Эпическая монотонность у Латыфича нигде не срывается в шум. Поэт не плывет, действие скорее напоминает сосредоточенное разматывание троса, который поэт постоянно перехватывает, натирая мозоли, и читатель как будто должен помочь, включиться в эту работу. Тягостная вначале, она, по мере того, как усваиваешь ритм «напарника», становится сомнамбулически плавной, незаметной.
У Латыфича есть прямая риторика, но она вложена в уста того, кто имеет право предостерегать и судить – умершего (похожий прием использует Андрей Тавров в «Часослове Ахашвероша», содержащем «Послания» титульного героя). Но вот на середине строфы жизнь подкатит волной под взывающую речь и растворит ее, спасая от императивности. Желтые подсолнухи будто готовят появление солдат, приходящих в неожиданной роли носителей ми-
лосердия.
Почти кино: ближний план сменяется дальним, и так же, как границы кадров на пленке сплавляются для нас в непрерывность движения, у Латыфича одно рождает другое прежде, чем мы успевает это зафиксировать.

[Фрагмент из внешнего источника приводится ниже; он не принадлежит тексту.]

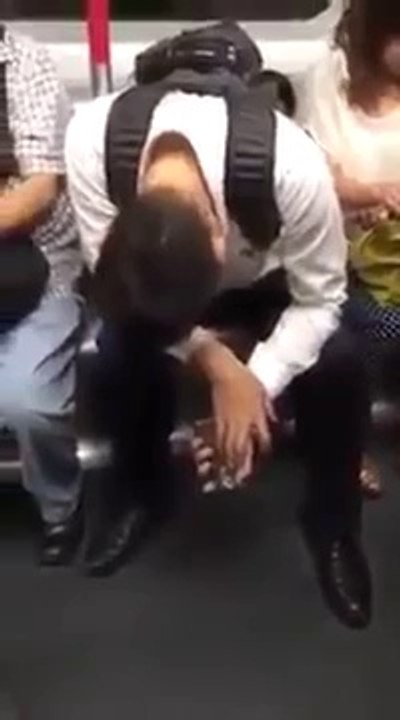 Grosse galette dans le métro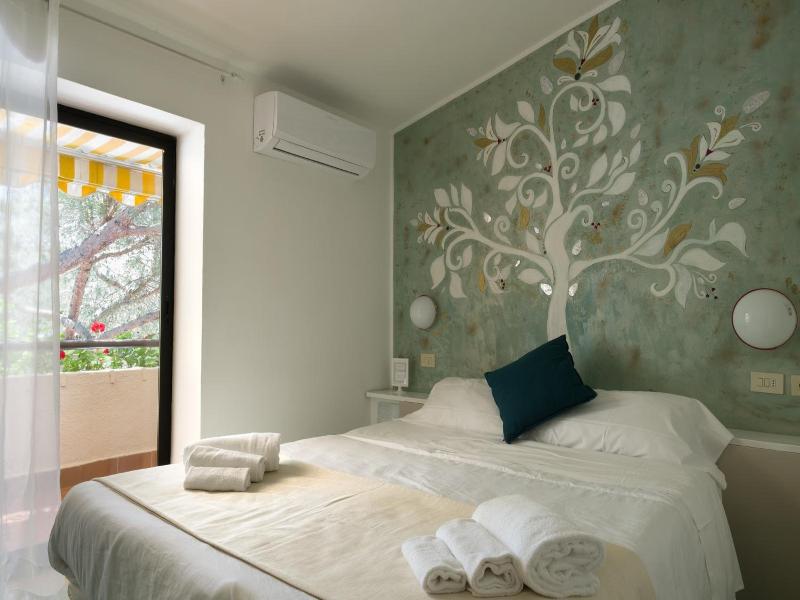 Hotel Punto Verde image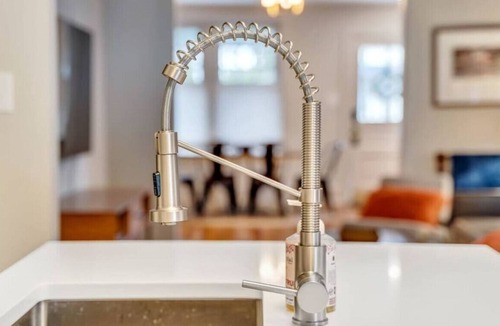 Ardmore House | Ardmore GEM steps away from shopping, dining, etc.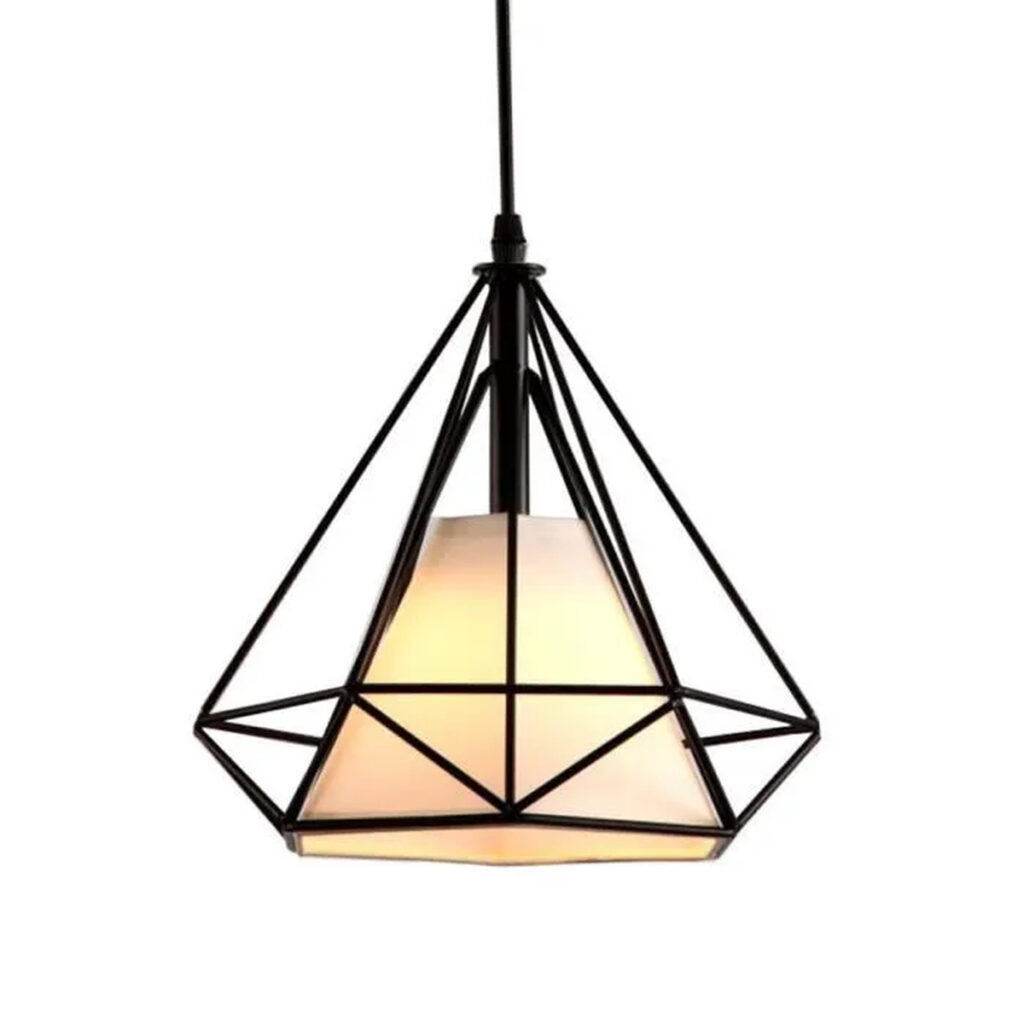 Plafonnier en forme diamant suspendu en métal avec son abat-jour blanc.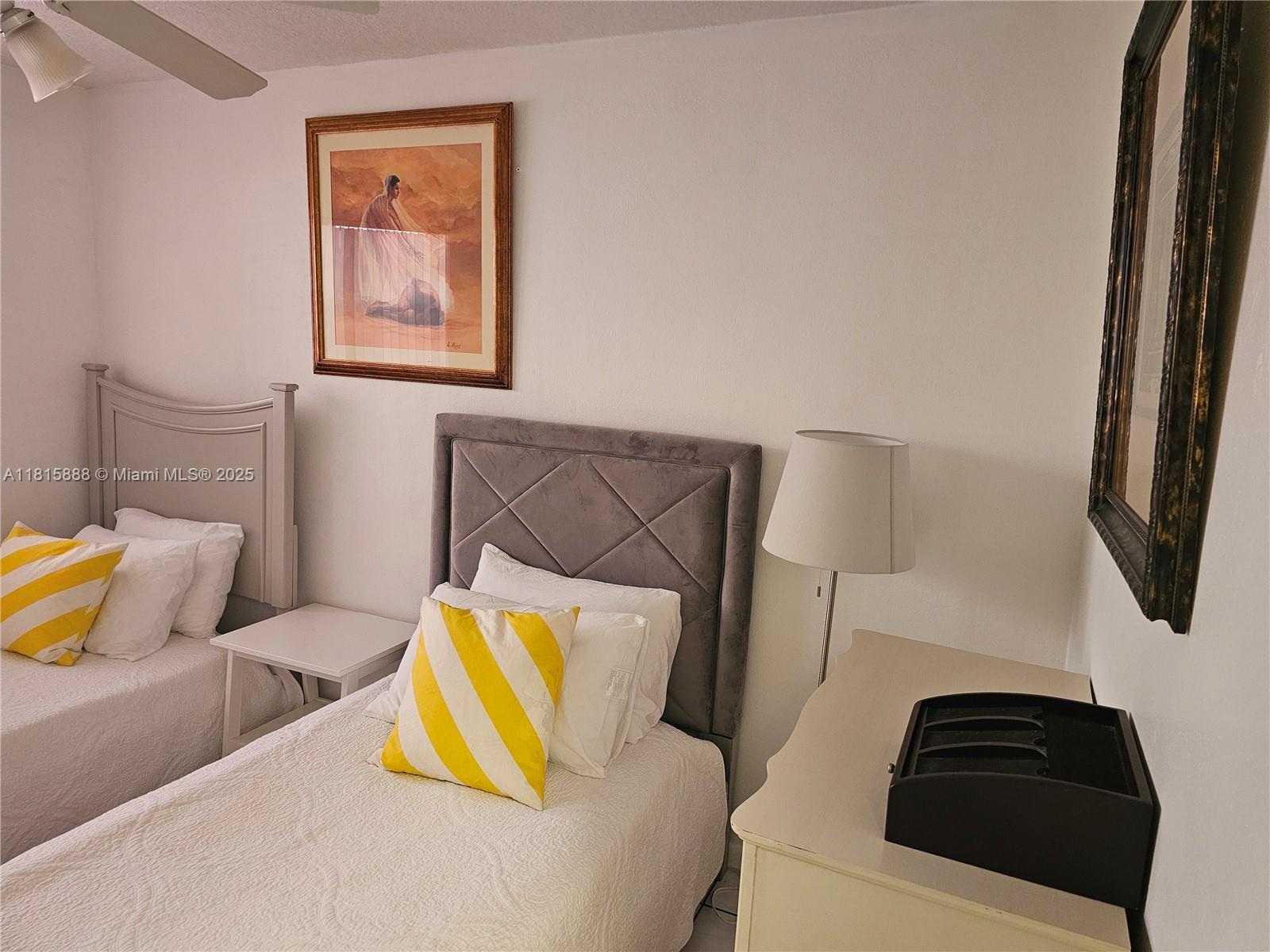 FIRST GULFSTREAM GARDEN - Residential Lease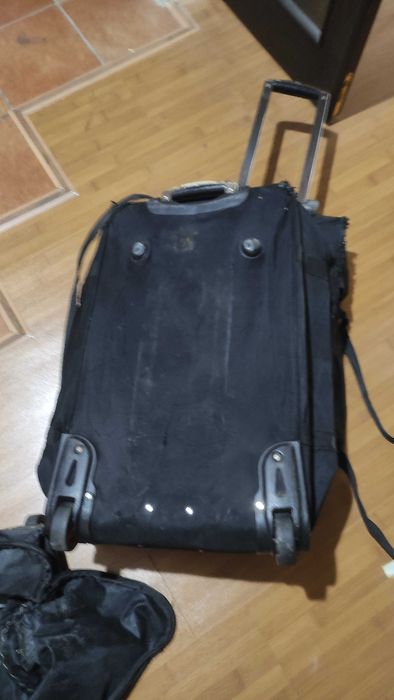 Чемоданы и сумки  на запчасти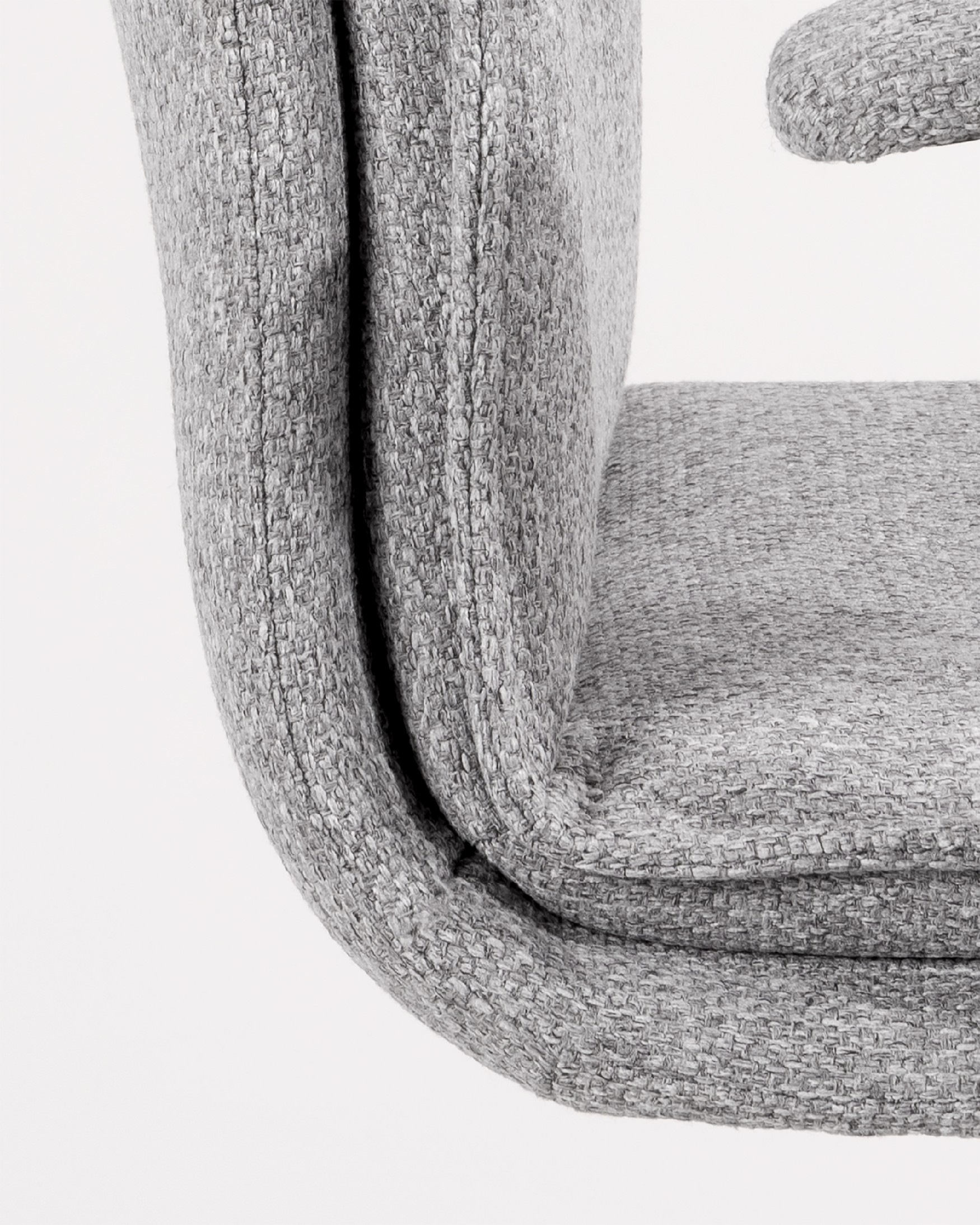 Bonn swivel chair with wheels, upholstered in gray and with black metal legs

Соединение как узнавание и узнавание как соединение – тема не только «Лабиринтов», но всей книги. Латыфич заставляет человека прорастать в мир, в ландшафт, в вечное настоящее древности. Его герой ощупывает пространство, ставшее временем, в поисках того места, где совпадет с собой. Латыфич вплетает эпохи друг в друга, но не на уровне стиля. Язык его однороден, тут даже вернее будет говорить о голосе, одновременно личностно заряженном и надличном.
Не только в написанных поверх модернистского канона «Лабиринтах», но в традиционных по форме, т. е. учитывающих скорее «местную» традицию, обходящихся без плавучего размера, умеренной строкой текстах из цикла «Равноденствие» встречаем мы эту тяжеловатую непрерывность (цикл почти полностью написан мерным пятистопным ямбом). Латыфич часто описывает действие, описыванием тормозя, растягивая его, словно в надежде осязать там, где привычнее видеть и слышать. Осязанием вооружена и память, поэтому стихотворение о Марселе Прусте в цикле знаково: «Нащупывая след / тех девушек, что долго вереницей / вдоль моря шли (одна велосипед / толкала впереди) – возможно лица / живыми сделать».
Мир стихотворения Латыфича почти всегда пространствен и в пространстве сориентирован. Ландшафт у него одновременно монументален и конкретен, похожий на атлас, куполом обступающий человека, – и доступный тому, чтобы сжиться с ним, войти в него, если можно так выразиться, кинетически, подсоединиться к теснейшим, не знающим разделение на живое и неживое связям внутри природы.